Working with Employer-Sponsored Retirement Savings Plans Flashcards
Qualified Plan Requirements
(1) Plan must meet stringent requirements requirements of the IRC as well as the ERISA. (2) Overarching concept to remember if that the plan must follow certain overarching nondiscrimination and vesting requirements.
Tax advantage of employee participants of qualified plan
(1) Retirement benefits grow on a tax deferred basis (2) Employer contributions are not treated as current taxable income, and (3) lump-sum distribution may be able to use forward averaging when calculating taxes.
Tax advantage to employer-sponsor of a qualified plan
(1) The tax benefit to the employer-sponsors of a qualified plan is the ability to deduct the cost of the plan contribution from current taxable income.
Examples of pension plan benefit formulas
(1) Unit benefit percentage formula: 1.63% of final compensation per year of service. (2) Until Benefit dollar formula: $150 per month per year of service, 25 year maximum, (3) Flat benefit or fixed benefit: 50% of final three year average compensation, (4) flat benefit or fixed dollar formula: $1,000 per month, (5) Cash Balance formula: contribution to each participant’s hypothetical account balance equal to 6% of compensation.
Cash Balance Pension Plan
(1) A type of applicable defined benefit plan. (2) Under a cash balance plan, hypothetical alocations (pay credits) and hypothetical earnings (interest credits) are contributed to a hypothetical account annually.
Applicable Defined Benefit Plan
(2) A type of pension plan in which the accrued benefit is calculated as the balance of a hypothetical account maintained for the participant or as an accumulated percentage of the participant’s final compensation.
Stock Bonus Plans
(1) Stock bonus plans are essentially profit sharing plans in which employer contributions generally are made with employer sock. (2) Distributions also must be made available in the form of stock. (3) The IRA defines it essentially as a profit sharing plan, with distributions made in the form of stock.
Employee Stock Ownership Plan
(1) A special type of stock bonus plan. (2)An ESOP acquires shares of the corporation on behalf of active employee. (3) The primary purpose of an ESOP must be to invest in qualifying employer securities. (4) Benefit to the employer include: providing a market for the employer’s stock, increasing the firm’s cash flow, providing financing for business growth or expansion, and as an estate planning tool for owner of a closely held corporation.

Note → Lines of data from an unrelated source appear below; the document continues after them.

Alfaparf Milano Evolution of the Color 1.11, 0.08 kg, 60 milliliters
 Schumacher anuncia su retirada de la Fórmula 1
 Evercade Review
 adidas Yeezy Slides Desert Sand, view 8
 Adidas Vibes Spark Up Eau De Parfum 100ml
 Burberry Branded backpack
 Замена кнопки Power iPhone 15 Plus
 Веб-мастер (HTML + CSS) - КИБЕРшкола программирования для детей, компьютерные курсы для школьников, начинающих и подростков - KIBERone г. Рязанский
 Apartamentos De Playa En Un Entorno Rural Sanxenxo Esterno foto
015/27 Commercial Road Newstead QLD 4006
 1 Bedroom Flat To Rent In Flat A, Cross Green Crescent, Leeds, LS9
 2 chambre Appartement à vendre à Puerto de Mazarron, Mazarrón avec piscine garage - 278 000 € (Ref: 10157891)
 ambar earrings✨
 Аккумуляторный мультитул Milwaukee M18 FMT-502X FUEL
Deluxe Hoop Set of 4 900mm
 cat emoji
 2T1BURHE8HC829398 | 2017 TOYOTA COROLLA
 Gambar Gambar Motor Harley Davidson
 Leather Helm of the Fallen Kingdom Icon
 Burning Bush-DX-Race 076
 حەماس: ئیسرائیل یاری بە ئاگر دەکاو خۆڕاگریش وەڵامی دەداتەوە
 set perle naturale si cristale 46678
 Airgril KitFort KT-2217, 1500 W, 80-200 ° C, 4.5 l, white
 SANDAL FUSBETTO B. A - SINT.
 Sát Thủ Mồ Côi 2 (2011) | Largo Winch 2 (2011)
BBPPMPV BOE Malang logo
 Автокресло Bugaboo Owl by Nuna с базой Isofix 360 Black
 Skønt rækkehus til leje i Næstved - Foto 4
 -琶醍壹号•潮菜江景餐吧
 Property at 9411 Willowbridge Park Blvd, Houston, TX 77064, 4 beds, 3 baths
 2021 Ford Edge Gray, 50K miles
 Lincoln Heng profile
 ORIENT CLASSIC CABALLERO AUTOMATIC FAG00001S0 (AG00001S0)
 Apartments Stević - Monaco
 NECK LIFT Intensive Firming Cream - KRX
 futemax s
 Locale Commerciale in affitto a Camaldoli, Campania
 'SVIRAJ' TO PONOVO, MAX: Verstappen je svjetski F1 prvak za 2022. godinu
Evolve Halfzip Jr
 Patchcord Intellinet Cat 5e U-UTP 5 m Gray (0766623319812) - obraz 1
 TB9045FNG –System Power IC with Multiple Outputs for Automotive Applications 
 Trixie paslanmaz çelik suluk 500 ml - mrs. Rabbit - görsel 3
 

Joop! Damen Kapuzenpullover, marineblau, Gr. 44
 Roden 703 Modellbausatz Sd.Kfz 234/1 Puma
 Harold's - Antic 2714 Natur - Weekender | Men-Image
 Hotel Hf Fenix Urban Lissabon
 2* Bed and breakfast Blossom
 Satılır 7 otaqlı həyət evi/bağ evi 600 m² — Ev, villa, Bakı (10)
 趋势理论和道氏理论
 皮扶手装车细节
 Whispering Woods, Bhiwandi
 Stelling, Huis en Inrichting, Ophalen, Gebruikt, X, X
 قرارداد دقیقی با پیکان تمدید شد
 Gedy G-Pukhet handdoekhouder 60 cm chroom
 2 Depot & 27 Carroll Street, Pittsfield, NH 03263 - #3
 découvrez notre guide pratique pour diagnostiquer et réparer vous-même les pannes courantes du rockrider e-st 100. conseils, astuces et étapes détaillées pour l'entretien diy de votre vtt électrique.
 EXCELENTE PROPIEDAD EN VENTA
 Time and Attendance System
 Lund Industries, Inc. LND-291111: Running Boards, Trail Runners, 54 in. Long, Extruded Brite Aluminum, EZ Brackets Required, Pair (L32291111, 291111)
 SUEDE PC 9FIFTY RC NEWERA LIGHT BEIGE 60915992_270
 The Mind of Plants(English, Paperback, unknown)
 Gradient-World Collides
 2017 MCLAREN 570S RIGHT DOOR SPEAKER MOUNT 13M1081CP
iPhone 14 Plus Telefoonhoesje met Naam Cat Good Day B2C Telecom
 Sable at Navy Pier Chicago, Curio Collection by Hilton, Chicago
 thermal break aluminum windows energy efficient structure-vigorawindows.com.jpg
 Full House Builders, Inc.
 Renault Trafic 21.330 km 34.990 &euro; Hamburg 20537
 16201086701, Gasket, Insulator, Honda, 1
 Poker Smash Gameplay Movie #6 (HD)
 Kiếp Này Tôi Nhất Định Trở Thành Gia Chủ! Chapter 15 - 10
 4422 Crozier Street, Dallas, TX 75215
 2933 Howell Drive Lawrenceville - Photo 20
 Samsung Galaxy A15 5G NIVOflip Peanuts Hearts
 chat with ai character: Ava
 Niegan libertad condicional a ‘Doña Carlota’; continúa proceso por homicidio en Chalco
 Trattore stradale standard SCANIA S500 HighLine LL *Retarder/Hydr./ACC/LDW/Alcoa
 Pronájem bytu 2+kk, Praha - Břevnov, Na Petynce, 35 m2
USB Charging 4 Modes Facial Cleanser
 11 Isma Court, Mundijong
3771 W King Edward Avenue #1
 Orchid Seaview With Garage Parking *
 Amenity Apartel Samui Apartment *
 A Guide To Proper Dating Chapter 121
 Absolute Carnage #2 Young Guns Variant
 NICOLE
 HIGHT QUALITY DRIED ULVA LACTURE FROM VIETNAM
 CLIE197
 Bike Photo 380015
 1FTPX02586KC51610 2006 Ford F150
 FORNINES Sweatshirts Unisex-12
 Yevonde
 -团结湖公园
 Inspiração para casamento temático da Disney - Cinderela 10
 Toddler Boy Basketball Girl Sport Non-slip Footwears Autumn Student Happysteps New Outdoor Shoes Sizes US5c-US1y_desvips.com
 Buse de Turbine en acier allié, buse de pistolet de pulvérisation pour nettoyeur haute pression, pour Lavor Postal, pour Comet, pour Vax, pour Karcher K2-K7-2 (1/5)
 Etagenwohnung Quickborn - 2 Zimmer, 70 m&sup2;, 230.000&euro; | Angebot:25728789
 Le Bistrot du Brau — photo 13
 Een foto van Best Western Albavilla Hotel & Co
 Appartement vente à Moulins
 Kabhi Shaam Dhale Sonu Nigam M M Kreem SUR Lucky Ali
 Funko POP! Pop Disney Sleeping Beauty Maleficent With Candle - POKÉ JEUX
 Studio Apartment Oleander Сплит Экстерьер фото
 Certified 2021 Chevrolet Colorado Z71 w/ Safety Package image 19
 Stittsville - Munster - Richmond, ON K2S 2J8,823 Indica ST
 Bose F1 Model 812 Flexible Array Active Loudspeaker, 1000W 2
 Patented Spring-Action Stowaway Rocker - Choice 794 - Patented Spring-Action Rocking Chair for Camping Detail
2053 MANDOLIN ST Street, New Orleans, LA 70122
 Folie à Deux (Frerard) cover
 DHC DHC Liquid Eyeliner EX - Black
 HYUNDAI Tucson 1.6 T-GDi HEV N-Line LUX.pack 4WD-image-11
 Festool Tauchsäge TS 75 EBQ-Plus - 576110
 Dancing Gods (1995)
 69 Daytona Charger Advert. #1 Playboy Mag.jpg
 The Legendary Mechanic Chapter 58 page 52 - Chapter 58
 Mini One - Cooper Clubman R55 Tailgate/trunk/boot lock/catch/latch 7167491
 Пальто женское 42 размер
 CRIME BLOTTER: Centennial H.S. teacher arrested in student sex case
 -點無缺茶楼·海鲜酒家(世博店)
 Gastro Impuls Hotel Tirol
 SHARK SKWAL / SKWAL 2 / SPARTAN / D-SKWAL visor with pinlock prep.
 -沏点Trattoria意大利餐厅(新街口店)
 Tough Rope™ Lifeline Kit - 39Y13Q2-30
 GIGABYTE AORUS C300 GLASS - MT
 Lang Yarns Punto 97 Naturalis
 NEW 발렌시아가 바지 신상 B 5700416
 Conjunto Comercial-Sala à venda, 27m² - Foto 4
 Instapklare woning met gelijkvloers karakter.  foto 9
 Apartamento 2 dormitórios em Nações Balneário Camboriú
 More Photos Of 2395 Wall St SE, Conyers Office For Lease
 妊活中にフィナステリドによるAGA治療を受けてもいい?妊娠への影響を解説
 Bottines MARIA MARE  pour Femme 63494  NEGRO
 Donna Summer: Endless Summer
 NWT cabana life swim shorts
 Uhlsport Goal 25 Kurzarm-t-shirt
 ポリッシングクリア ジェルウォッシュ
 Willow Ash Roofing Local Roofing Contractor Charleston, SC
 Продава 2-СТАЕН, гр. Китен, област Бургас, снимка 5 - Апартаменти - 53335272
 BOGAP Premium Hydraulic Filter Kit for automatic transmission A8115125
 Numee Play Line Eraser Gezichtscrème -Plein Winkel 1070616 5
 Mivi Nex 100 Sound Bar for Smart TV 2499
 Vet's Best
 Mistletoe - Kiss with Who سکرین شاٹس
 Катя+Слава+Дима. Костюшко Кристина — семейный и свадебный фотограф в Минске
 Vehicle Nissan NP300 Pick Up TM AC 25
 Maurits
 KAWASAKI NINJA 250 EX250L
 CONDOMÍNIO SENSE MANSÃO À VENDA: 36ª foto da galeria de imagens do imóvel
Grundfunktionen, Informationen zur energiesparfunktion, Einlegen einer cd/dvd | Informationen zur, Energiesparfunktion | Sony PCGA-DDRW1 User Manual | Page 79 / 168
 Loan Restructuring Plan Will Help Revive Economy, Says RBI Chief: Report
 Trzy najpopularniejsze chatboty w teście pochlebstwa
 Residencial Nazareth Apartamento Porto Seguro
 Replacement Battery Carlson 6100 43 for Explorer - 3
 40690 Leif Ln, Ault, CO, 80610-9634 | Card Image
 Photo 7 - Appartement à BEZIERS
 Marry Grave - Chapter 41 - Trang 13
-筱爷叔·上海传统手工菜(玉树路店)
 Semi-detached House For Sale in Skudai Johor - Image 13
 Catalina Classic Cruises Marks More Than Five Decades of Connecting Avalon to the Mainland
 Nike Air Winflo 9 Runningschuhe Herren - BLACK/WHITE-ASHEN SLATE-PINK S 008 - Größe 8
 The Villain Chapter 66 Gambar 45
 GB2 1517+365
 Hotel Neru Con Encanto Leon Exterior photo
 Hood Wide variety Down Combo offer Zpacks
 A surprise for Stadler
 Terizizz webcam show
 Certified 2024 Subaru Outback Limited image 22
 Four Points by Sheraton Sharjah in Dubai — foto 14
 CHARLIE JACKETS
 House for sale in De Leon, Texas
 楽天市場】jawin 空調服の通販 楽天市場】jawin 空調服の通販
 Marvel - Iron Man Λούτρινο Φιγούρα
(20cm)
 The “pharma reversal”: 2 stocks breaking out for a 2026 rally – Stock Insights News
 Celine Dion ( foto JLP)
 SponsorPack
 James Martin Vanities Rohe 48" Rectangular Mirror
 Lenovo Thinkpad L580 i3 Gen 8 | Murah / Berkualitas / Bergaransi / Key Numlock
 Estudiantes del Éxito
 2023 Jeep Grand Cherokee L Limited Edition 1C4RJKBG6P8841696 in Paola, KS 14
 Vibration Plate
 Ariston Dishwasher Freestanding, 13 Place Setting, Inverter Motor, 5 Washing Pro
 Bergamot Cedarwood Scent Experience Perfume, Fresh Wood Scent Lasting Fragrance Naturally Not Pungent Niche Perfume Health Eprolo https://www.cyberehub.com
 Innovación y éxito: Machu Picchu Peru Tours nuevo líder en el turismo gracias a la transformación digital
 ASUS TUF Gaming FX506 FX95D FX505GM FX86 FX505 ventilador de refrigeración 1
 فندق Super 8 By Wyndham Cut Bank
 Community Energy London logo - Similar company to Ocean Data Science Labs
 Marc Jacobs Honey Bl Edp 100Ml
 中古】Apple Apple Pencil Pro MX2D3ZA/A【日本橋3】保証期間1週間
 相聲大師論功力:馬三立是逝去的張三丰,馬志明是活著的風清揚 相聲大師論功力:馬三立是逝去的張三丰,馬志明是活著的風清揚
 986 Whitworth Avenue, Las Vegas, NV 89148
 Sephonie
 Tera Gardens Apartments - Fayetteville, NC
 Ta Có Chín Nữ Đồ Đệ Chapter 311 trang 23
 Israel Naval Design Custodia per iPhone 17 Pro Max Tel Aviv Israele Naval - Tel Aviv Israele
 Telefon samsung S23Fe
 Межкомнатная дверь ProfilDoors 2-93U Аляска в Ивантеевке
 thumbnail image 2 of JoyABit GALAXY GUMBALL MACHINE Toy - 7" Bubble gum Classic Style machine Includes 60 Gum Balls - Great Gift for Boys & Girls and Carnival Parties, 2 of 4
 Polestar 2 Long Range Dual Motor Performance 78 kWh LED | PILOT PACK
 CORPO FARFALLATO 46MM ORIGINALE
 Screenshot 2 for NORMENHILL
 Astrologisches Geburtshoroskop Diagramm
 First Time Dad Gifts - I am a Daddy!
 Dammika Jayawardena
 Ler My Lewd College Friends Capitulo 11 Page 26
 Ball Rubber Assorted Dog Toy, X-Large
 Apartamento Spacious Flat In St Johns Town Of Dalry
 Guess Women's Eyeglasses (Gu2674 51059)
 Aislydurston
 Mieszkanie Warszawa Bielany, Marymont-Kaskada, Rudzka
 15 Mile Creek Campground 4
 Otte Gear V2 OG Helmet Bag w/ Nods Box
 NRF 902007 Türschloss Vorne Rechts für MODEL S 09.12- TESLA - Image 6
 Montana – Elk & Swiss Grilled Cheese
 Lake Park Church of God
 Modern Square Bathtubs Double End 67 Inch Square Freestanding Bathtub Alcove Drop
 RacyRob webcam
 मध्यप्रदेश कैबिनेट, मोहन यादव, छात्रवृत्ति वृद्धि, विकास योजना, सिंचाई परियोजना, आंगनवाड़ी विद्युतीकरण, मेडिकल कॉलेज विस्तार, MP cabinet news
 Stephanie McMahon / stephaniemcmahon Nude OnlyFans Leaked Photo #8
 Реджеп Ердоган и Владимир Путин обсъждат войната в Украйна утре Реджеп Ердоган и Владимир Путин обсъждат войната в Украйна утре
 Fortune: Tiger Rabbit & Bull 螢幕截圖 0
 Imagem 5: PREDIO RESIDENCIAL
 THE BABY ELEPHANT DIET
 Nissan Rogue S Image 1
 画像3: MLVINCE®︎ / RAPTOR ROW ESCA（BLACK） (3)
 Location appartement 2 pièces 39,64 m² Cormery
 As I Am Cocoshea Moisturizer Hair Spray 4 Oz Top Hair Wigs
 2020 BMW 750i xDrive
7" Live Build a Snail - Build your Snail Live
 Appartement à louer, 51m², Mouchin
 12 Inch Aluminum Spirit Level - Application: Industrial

Money Purchase Pension Plan
(1) A form of a defined contribution plan. (2) The annual addition to each employee’s account is limited to the lesser of 100% of compensation or %53,000. (3) Annual additions include employer contributions, employee contributions, and forfeitures.
Target Benefit Plan
(1) A defined are a defined contribution pension plan in which the contributions are made to meet a targeted benefit level. (2) No subsequent adjustments are made to the annual contribution except to add new participants or reflect changes in compensation. (3) The target benefit may or may not be reached. (4) Annual employer contributions are limited to 25% of the plan participant’s compensation. (5) The maximum annual addition to an employee’s account is the lesser of 100% of compensation or $53,000 (6) Based on initial actuarial determination.
Keogh
(1) A Keogh is a qualified plan for self-employed individuals. (2) It is only available through sole proprietorships and partnerships. (3) Corporations cannot establish Keoghs. (4) If business owners set up a Keogh for themselves, they must do the same for any employees, and at the same percentage level of contribution.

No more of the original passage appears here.